En el caso específico del Che, es conocida su afición constante por el conocimiento y la investigación de la realidad latinoamericana, en aras de su radical transformación, desde sus tempranos años de joven estudiante de medicina. Será durante ese trashumante periplo -realizado entre 1951 y 1955- que se irá politizando a partir de la experiencia concreta y el contacto directo con territorios y vivencias de lo más diversas, signadas en la mayoría de los casos por la pobreza y la opresión extrema.
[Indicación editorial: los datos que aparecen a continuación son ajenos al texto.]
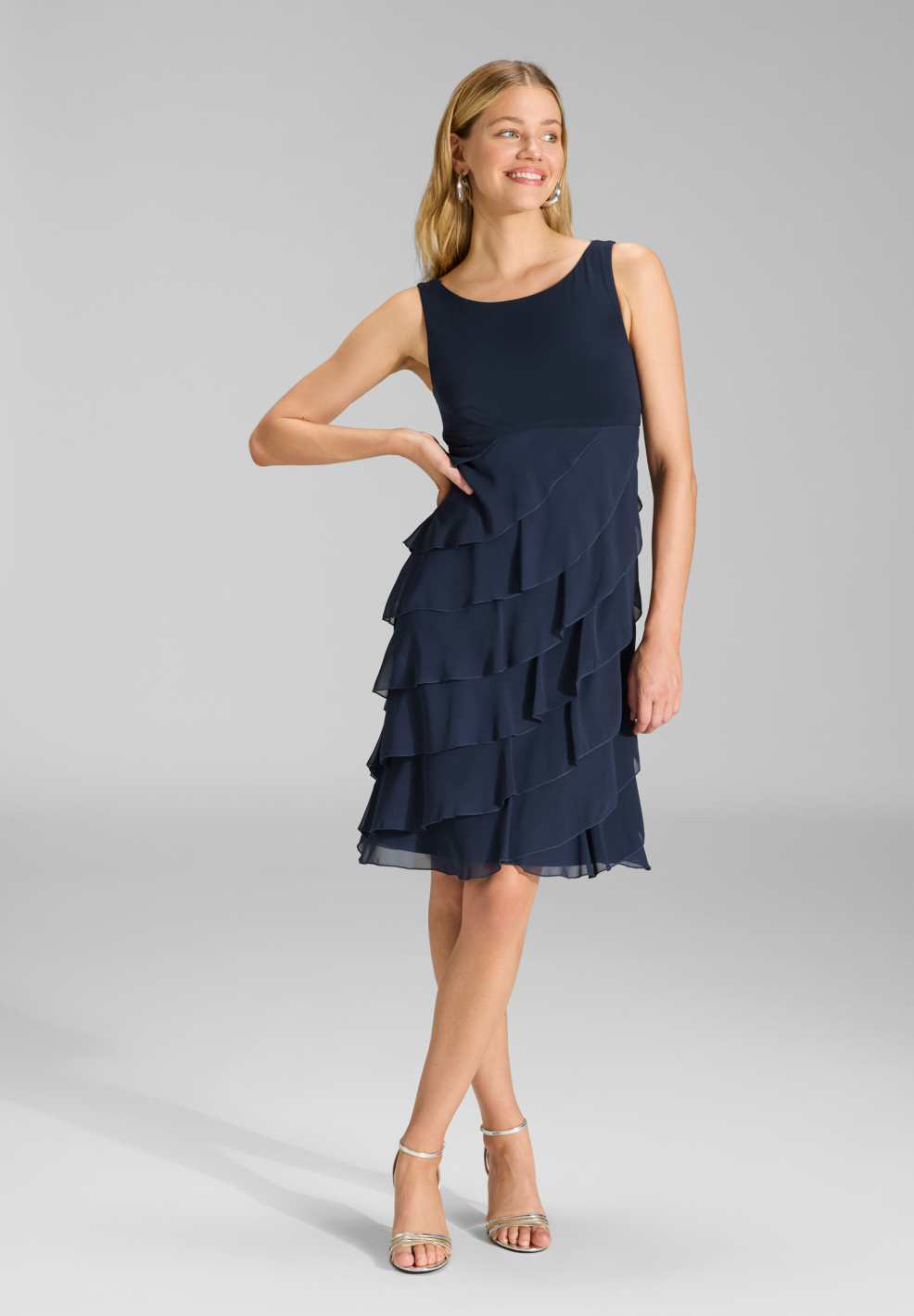 Kurzes Jerseykleid in Lagenoptik navy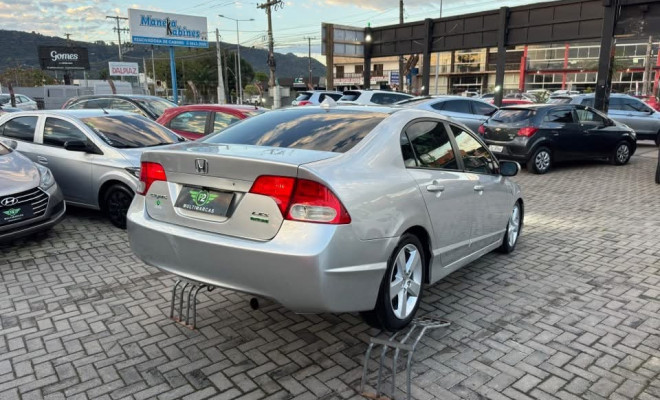 Honda Civic Sedan LXS 1.8/1.8 Flex 16V Mec. 4p 2008 Flex-2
De ellas deja un minucioso registro en sucesivos diarios de viaje, donde las reflexiones filosóficas y políticas se conjugan con poemas y cartas intimistas, así como en artículos periodísticos que publica en Centroamérica y en apuntes de lecturas o anotaciones bibliográficas, que llegan a involucrar como propuesta la futura elaboración de un libro, sobre la función social del médico en los lugares más postergados de nuestro continente. Este prolongado e intenso período iniciático marca a fuego a Ernesto Guevara, como atento estudiante de esa frondosa y compleja escuela a cielo abierto que constituye para él América Latina, a tal punto que en las hojas donde brinda testimonio de su primer viaje escribe: “este vagar sin rumbo por nuestra ‘Mayúscula América’ me ha cambiado más de lo que creí”, y en vísperas de su cumpleaños número 24 sentencia de manera premonitoria que “aunque lo exiguo de nuestras personalidades nos impidan ser vocero de su causa, creemos, y después de este viaje más firmemente que antes, que la división de América en nacionalidades inciertas e ilusorias es completamente ficticia.”.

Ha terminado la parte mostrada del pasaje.